Guru menjadi teman, sahabat, pengajar, rekan kerja, pendamping, orang tua, dan semua kemampuan individu yang memungkinkan proses belajar di sekolah berjalan dengan baik, di dalam maupun di luar kelas. Kegiatan mendidik berkaitan dengan eksistensi keseluruhan individu dalam relasinya dengan orang lain dan lingkungannya. Untuk itu, mendidik tidak dapat dibatasi oleh kegiatan di dalam kelas.
Seiring perkembangan kehidupan yang semakin kompleks, kadang guru terjebak pada kehidupan materialistik. Hal ini membuat Aris Setiawan membagi guru menjadi tiga kategori, yaitu guru nyasar, bayar, dan sadar. (Republika, 9/12).
Guru nyasar, sosok yang hanya melihat guru sebuah profesi alternatif di tengah kesulitan mencari kerja. Tipe ini yang penting adalah bekerja, memberikan materi seadanya, pasang muka killer, dan selalu memarahi muridnya dengan kata-kata yang tidak seharusnya.
Guru bayar, memiliki tipikal pada awal bulan penuh semangat mengajar, dan pada akhir bulan lemas. Guru kategori ini biasanya tidak pernah menghafal nama anak didiknya. Bila diumpamakan, ada uang aku sayang, tidak ada uang aku melayang.
Guru sadar, sosok pendidik yang mampu memosisikan diri sebagai orang tua. Anak didik dianggap sebagai anak kandung sendiri. Ia sadar bergaji kecil, tapi lebih mengharapkan gaji yang cair di akhirat. Ia juga kenal dekat dengan siswa dan orang tuanya. Guru kategori ini mampu menyenangkan dan menggerakkan semangat siswanya. Guru sadar ini mampu memerankan dirinya sebagai sosok sebagaimana diuraikan Eric Hoyle dalam bukunya, The Role of Teacher.

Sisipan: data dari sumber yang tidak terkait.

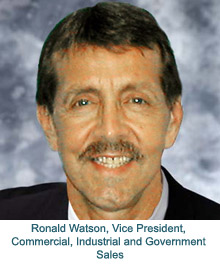 Ronald Watson, Vice President, Commercial, Industrial and Government Sales, March Networks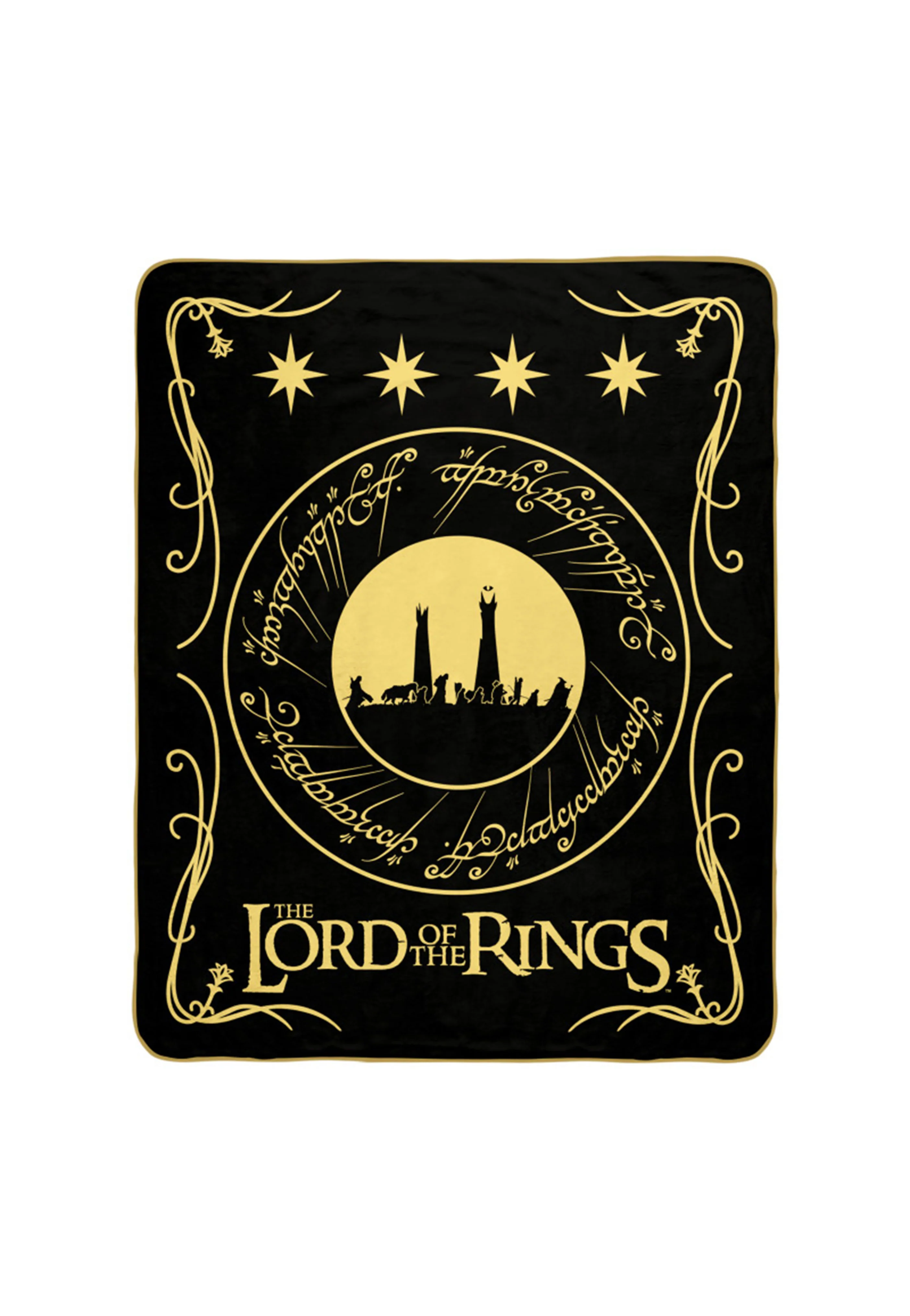 The Lord Of The Rings - Fellowship - Blanket - Image 2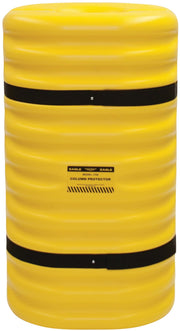 Eagle For 8" Column / 42" tall / Yellow Cones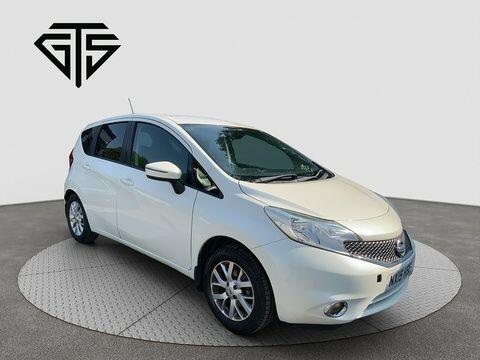 2015 Nissan Note in White for sale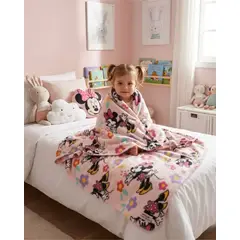 GENERICO - Manta Polar Infantil 115x130 cm Suave y Ligera para Cuna o Viaje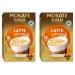 Mokate Gold Premium Latte Caramel Flavour with Caramel in Powder *2x boxes 10x sachets*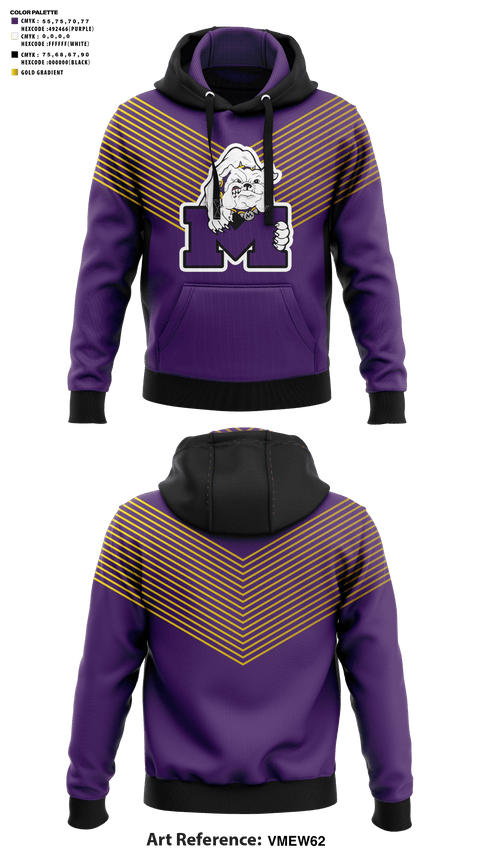 Hoodie, Midland Freshman High School Cross Country, Cross Country, Teamtime, Team time, sublimation, custom sports apparel, team uniforms, spirit wear, spiritwear, sports uniforms, custom shirts, team store, custom team store, fundraiser sports, apparel fundraiser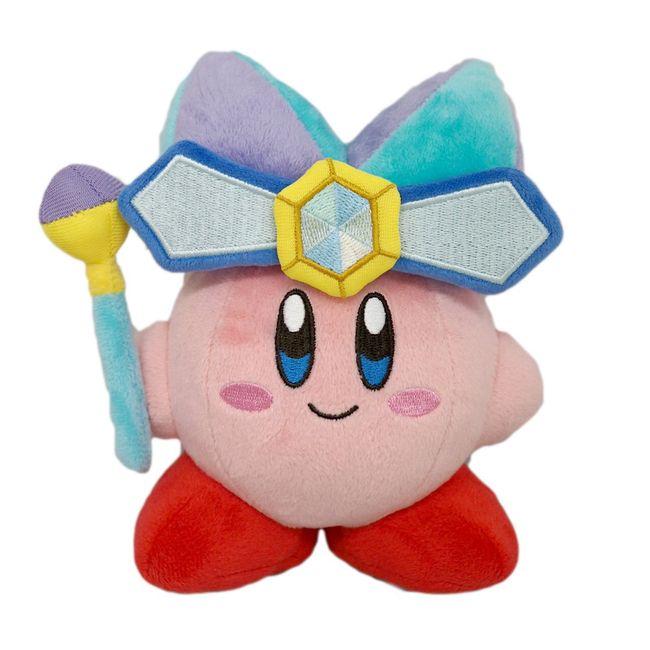 Kirby Series KP21 Mirror Kirby Plush Toy, Height 3.5 inches (9 cm)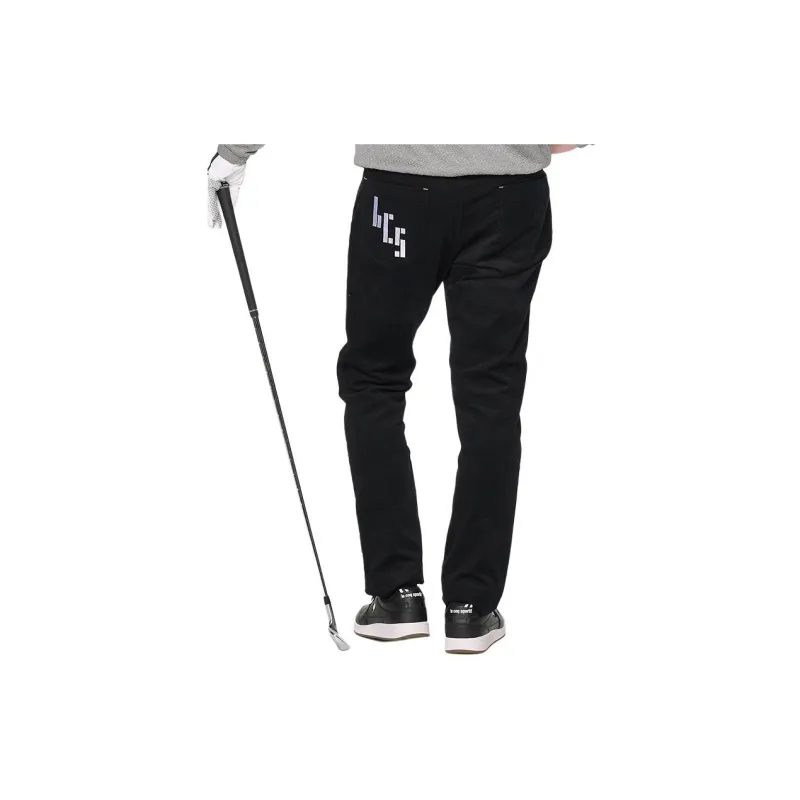 DESCENTE GOLF Le Coq Sportif Golf Casual Pants Men's-1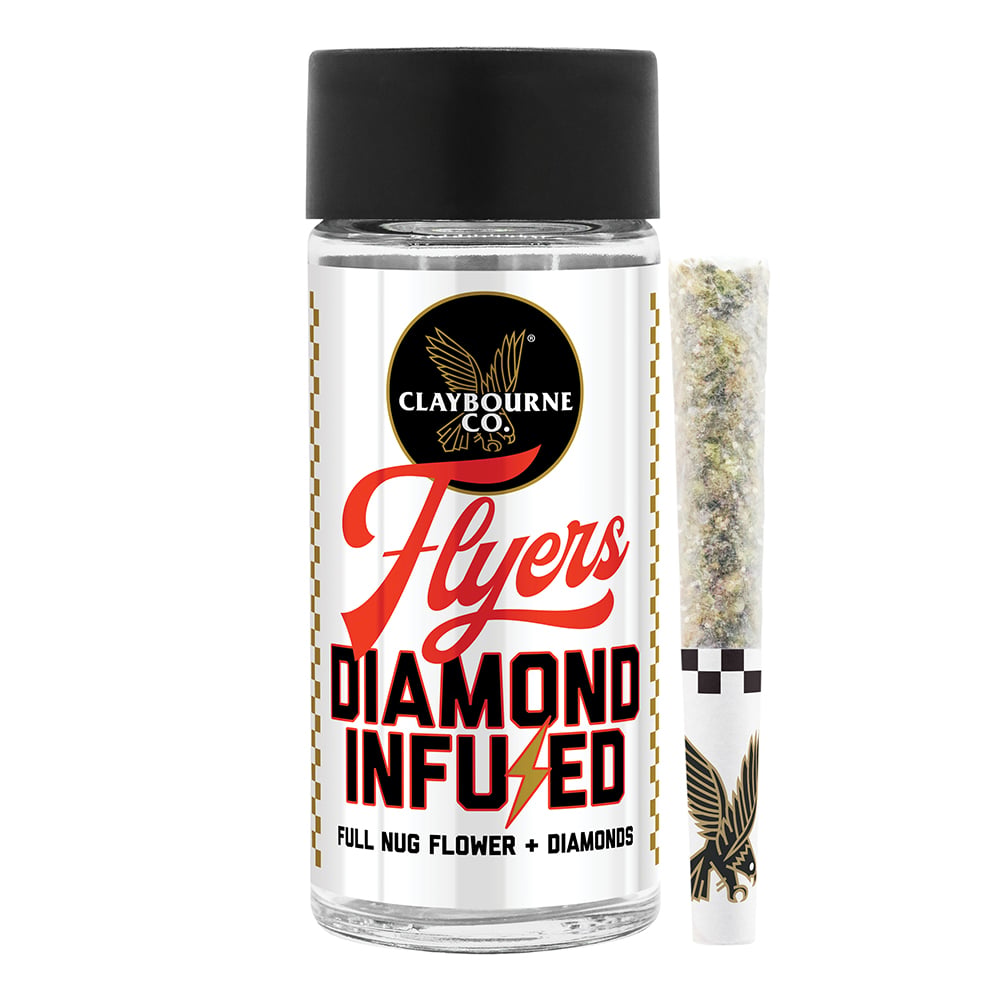Headband (1.5g) - Diamond Infused Flyers Pre-Rolls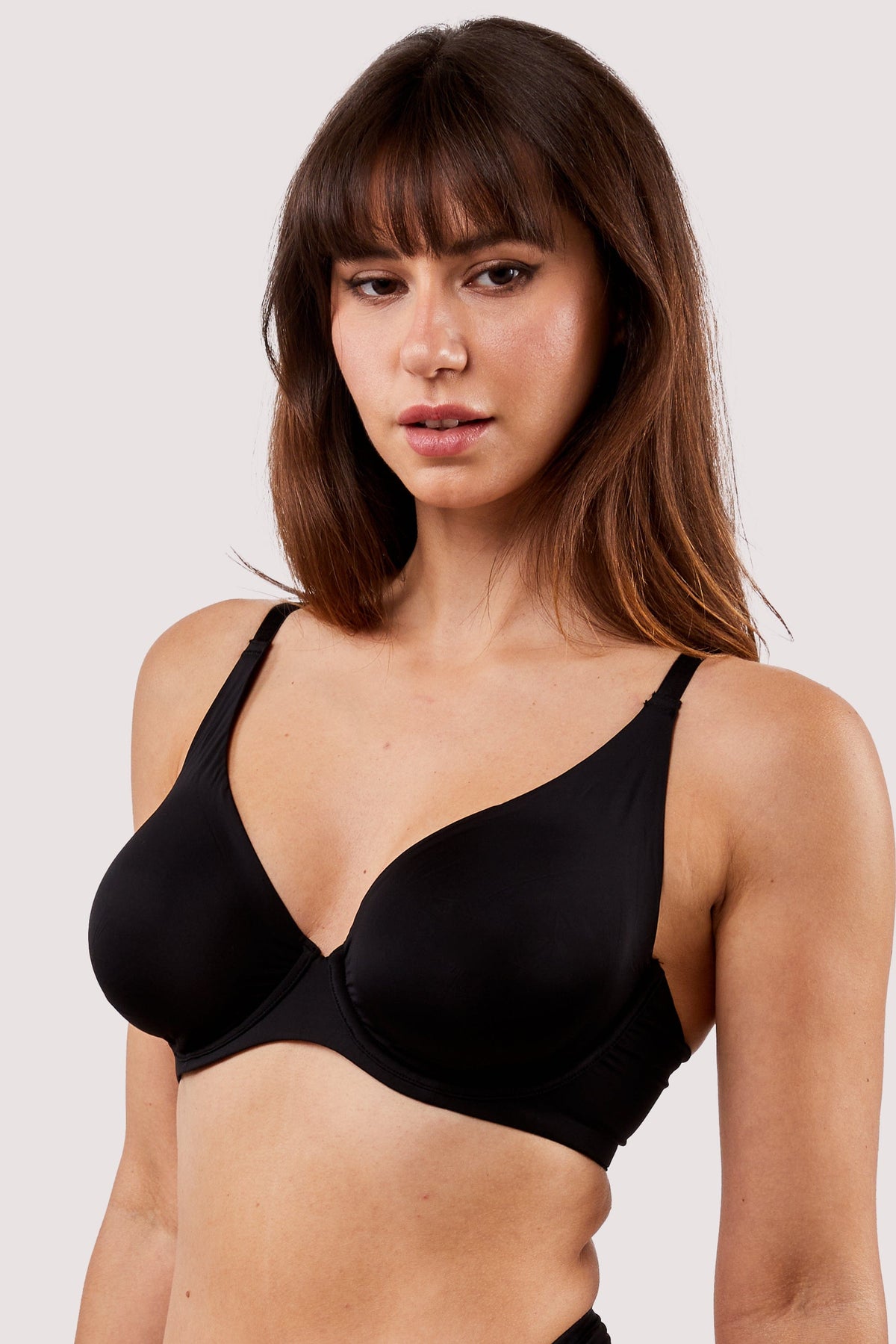 CRZ YOGA Strappy Yoga Bra Top for Women Longline Wirefree Padded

Muhammad Atiyah al-Abrasyi, Abdurrahman an-Nahlawi, dan Imam al-Ghazali menambahkan sifat-sifat yang dimiliki sosok guru sadar, yaitu zuhud, kebersihan diri, ikhlas, pemaaf, kebapak-bapakan, mengetahui tabiat anak didik, menguasai mata pelajaran, bersifat rabbani, sabar, jujur, senantiasa membekali diri dengan ilmu, mampu menggunakan berbagai metode mengajar, mampu mengelola anak didik, mengetahui keadaan psikis anak didik, memiliki kepekaan dalam mengantisipasi perkembangan yang terjadi, bersifat adil, tidak meninggalkan nasihat, tidak berlaku kasar, tidak menjelek-jelekkan ilmu yang lain di depan anak didik, tidak mengajarkan sesuatu di luar kemampuan anak didik, mengajarkan pelajaran secara jelas, dan hendaknya pendidik mengamalkan ilmunya.
Wahai bapak dan ibu guru, termasuk tipe guru manakah kita: nyasar, bayar, ataukah sadar?

•Republika, Guru Menulis, 14/12-2011.